Location: Jade Market 十全玉市, Sanmin District, Kaohsiung, Taiwan
Jade is extremely popular in Taiwan, and has historical significance in Chinese culture. It’s also very valuable, but the difficulty in distinguishing fakes from the genuine article means it’s best to avoid spending large amounts on it, unless you know what you’re doing.
The Jade market in Kaohsiung isn’t all about jade. There’s all sorts there – beads, charms, statues, tea pots and other items related to eastern religions. There’s also a flea market behind the main building and even some stalls for fruit and vegetables. The market is open on Wednesday, Thursday and Sunday from 8am until late afternoon. I visited on a Wednesday morning because I had read that this was the busiest day – Supposedly the day that jade shops from the area go to buy and sell their jade, though I didn’t find it extremely busy.
Instead of going right into the main market I first walked along the stalls outside that wrap around the building. I’m now glad I did because right away I met Kelsey.
Kelsey was one of the stall owners. As I was walking past I heard a “hello”. His accent didn’t seem Taiwanese so I asked him where he was from*. It turned out he was Tibetan, but had grown up in India after his parents moved there when he was a child. He said he’d been in Taiwan around 8 months and he’s at the market every Wednesday selling goods he has imported from Tibet and India.
* Tip: If you’re out doing street photography and someone starts talking to you, always respond and start a chat because it will usually end in a street portrait if you ask nicely.
A beautiful prayer wheel caught my eye on his stall. He showed me how it worked and explained about the markings being the chant that is said when you use it. He was a really nice guy and I was happy to have met him.

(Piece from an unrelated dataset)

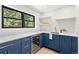 Kitchen features a wine fridge, stainless steel sink, and plenty of countertop space at 205 Loop Dr, Georgetown, CO 80444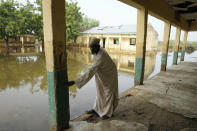 Musa Saleh, a 50-year-old islamic teacher, points at the level the water reached in the early days of floods at Tabawa Primary School northeastern Nigeria, Wednesday Oct. 26, 2022. The flooding that began in June has become the deadliest in more than a decade, according to authorities of this West African nation. More than 600 have been killed. Thousands of homes are destroyed, along with farmland. More than 1.3 million people have been displaced. Lives and livelihoods are upended.(AP Photo/Sunday Alamba)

At the back of the building I saw an interesting man sitting on a table off to the side. He had a long white beard, and a peculiar haircut that was shaved at the front and sides. From the arms of his rounded, metal-framed, glasses hung a retaining cord. I wanted to ask him for a portrait, but needed to break the ice first. I made a comment about his beard “How long have you been growing your beard?”. Which came his reply “30 years”. “Mine’s only 6 months I said” and then asked if I could take his photo. He nodded.
After I took the photo his friend appeared to the side saying “money”, money” while making a coin shape with his thumb and forefinger. I looked back at the subject of my photo and he laughed and said “No – biru, biru”. ‘Biru’ is the Taiwanese for ‘beer’, which I think actually comes from Japanese originally.
I headed into the jade market, which is inside the main building and consists of long rows of tables that run the width of the main room. Each individual vendor/plot has their own numbered light directly above their table.
I started from the back, walking up and down the rows. The stall owners were all busy extolling the authenticity of their wares and potential customers were carefully inspecting.
After a few rows I noticed an office to the side. There was an interesting painting at the back, so I asked the man who was sitting there, Mr You, about it. He misheard and thought I was asking about the shrine, and so proceeded to give me the history of that particular god, which was Xuan Wu 玄天上帝, for the record.
Mr You said he was the general manager there and had 40 years experience in the jade business. He was happy to let me take his photo.
When I got out of the market I checked my camera and realised that I didn’t have one picture of jade. If I’m honest I’m not very interested in jade, and on this trip I had found more interesting stories behind the people that I met. However, to avoid having a blog post entitled “Jade Market” that did not contain an photos of jade, I went back in to deliberately photograph some. For your viewing pleasure here are some photos of jade jewellery:
Some more photos from the flea market at the back of the jade market. I loved the statue of the Shaolin monk, I wish I would have bought it.
As I was leaving there was a fruit stall setting up. The stall was actually built on the back of a bicycle, the green paint peeling off after years of use. I liked the contrast of the old bike with the bright and fresh fruit.
Here’s some more photos of the jade market during my brief visit back in 2013:
The jade market makes a good day out and there’s lots to see in addition to jade. Taking photographs there was generally fine. During my visit there were two stall owners who objected to my taking photos, and if you’ve been doing street photography for any length of time I’m sure you’re used to this by now. It’s best just to move on and not let is faze you.